No, we should not be surprised that a "just tell me where" press has managed to undermine debate at precisely the time America needs it most–but we should be angry. The role that US newsmedia have played in narrowing and warping the public discourse since September 11 provides dramatic evidence of the severe limitations of contemporary American journalism, and this nation's media system, when it comes to nurturing a viable democratic and humane society. It is now time to act upon that anger to forge a broader, bolder and more politically engaged movement to reform American media.
The base from which such a movement could spring has already been built. Indeed, the current crisis comes at a critical moment for media reform politics. Since the middle 1980s, when inept and disingenuous reporting on US interventions in Central America provoked tens of thousands of Americans to question the role media were playing in manufacturing consent, media activism has had a small but respectable place on the progressive agenda. The critique has gone well beyond complaints about shoddy journalism to broad expressions of concern about hypercommercial, corporate-directed culture and the corruption of communications policy-making by special-interest lobbies and pliable legislators.
Crucial organizations such as Fairness & Accuracy In Reporting (FAIR), the Institute for Public Accuracy, the MediaChannel, Media Alliance and the Media Education Foundation have emerged over the past two decades. Acting as mainstream media watchdogs while pointing engaged Americans toward valuable alternative fare, these groups have raised awareness that any democratic reform in the United States must include media reform. Although it is hardly universal even among progressives, there is increasing recognition that media reform can no longer be dismissed as a "dependent variable" that will fall into place once the more important struggles have been won. People are beginning to understand that unless we make headway with the media, the more important struggles will never be won.

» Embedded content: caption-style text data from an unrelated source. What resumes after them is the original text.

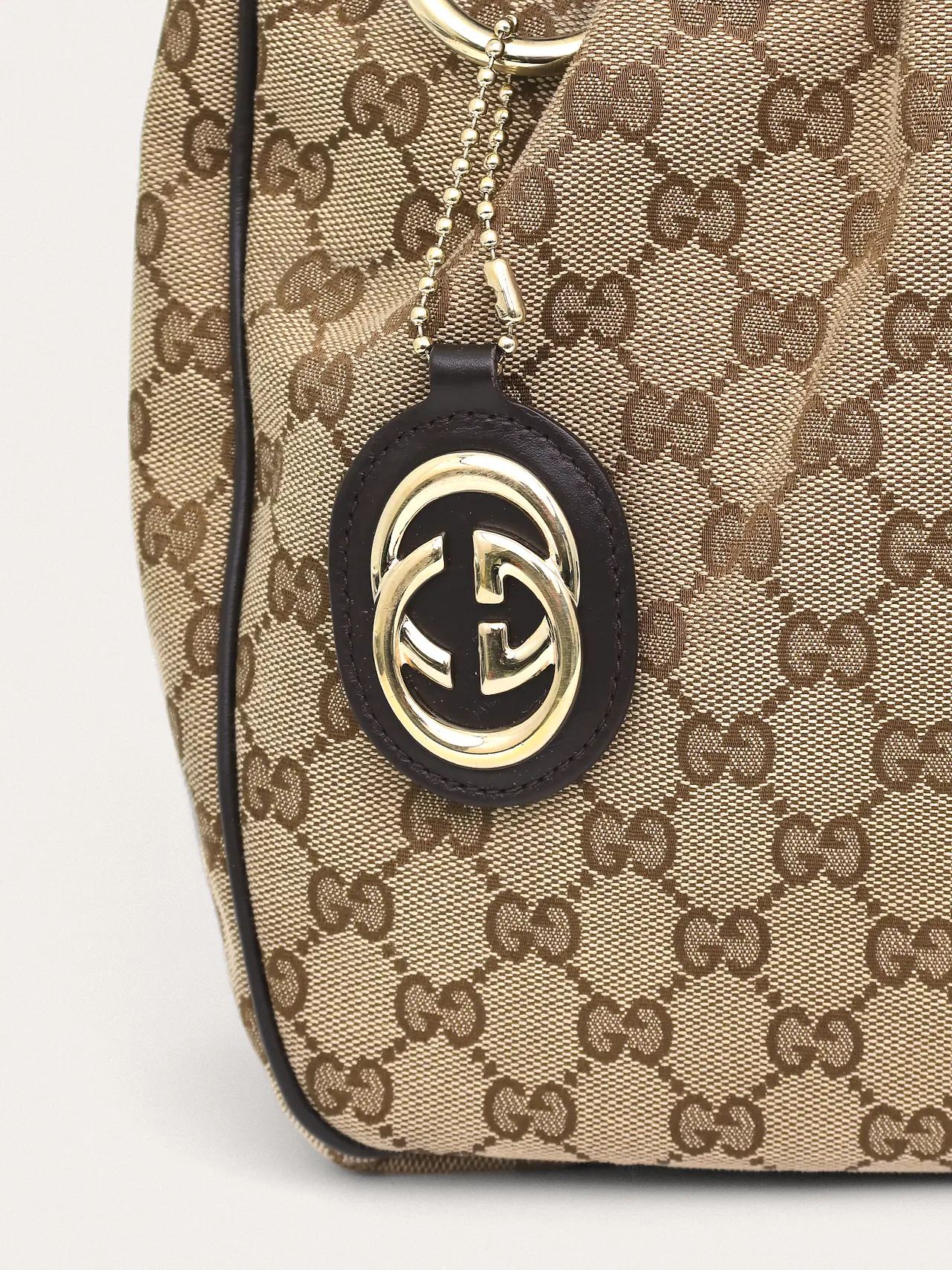 Sukey GG Canvas - Master
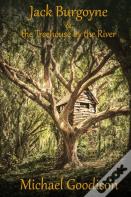 Jack Burgoyne & The Treehouse By The River
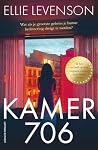 Kamer 706
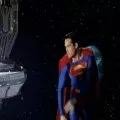 Superman 1993 (1993-1997) - Clark Kent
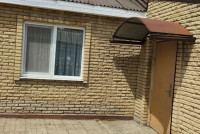 Продаю 3 - х комнатный дом, ул. Георгия Димитрова арт 2459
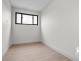 76A Firewheel Circuit, Gregory Hills NSW 2557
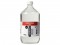 Amsterdam Acrylic vanish matt - 1000ml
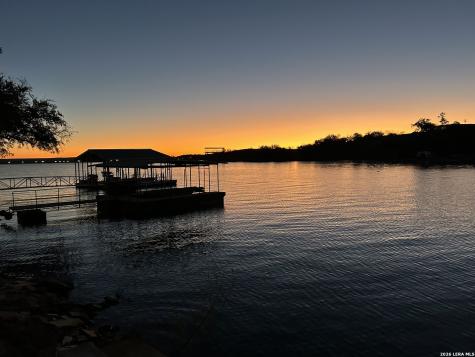 516 Island Lodges Buchanan Dam TX 78609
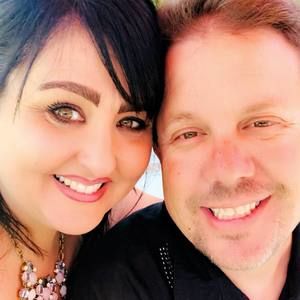 Meet your Posher, Pauline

On the advocacy front, Citizens for Independent Public Broadcasting and People for Better TV are pushing to improve public broadcasting and to tighten regulation of commercial broadcasting. Commercial Alert organizes campaigns against the commercialization of culture, from sports and museums to literature and media. The Center for Digital Democracy and the Media Access Project both work the corridors of power in Washington to win recognition of public-interest values under extremely difficult circumstances. These groups have won some important battles, particularly on Internet privacy issues.